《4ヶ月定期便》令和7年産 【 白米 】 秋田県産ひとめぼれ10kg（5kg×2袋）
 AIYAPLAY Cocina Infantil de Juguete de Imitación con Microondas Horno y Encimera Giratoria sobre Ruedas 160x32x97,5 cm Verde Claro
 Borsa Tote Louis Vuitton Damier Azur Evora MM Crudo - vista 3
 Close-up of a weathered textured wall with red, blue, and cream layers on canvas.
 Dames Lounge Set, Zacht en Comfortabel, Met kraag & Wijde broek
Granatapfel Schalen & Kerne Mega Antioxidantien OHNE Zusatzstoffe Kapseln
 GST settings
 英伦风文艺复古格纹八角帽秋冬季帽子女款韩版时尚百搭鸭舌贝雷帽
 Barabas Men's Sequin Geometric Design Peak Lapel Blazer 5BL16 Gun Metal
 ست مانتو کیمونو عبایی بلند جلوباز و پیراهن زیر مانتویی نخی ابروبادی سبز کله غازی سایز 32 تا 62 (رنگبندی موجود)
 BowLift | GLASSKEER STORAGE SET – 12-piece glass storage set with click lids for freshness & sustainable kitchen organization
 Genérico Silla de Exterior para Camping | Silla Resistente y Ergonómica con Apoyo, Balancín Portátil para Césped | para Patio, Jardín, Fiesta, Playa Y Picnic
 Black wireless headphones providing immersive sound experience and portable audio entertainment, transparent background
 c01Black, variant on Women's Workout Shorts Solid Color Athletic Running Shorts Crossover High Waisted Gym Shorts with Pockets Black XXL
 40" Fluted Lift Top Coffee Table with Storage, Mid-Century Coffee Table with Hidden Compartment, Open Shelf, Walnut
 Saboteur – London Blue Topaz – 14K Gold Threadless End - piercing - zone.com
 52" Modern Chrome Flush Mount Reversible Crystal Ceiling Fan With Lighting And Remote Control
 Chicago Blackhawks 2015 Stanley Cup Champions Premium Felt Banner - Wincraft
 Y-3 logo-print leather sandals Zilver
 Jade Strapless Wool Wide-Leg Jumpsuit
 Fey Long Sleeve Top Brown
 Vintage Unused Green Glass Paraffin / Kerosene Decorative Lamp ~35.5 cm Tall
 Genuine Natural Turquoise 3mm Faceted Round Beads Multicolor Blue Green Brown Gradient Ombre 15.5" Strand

· · ·

- _Your goal_: In the listing above, reproduce the first line and each one after it through the line that contains "Close-up of a".

- _Solution below_:
《4ヶ月定期便》令和7年産 【 白米 】 秋田県産ひとめぼれ10kg（5kg×2袋）
 AIYAPLAY Cocina Infantil de Juguete de Imitación con Microondas Horno y Encimera Giratoria sobre Ruedas 160x32x97,5 cm Verde Claro
 Borsa Tote Louis Vuitton Damier Azur Evora MM Crudo - vista 3
 Close-up of a weathered textured wall with red, blue, and cream layers on canvas.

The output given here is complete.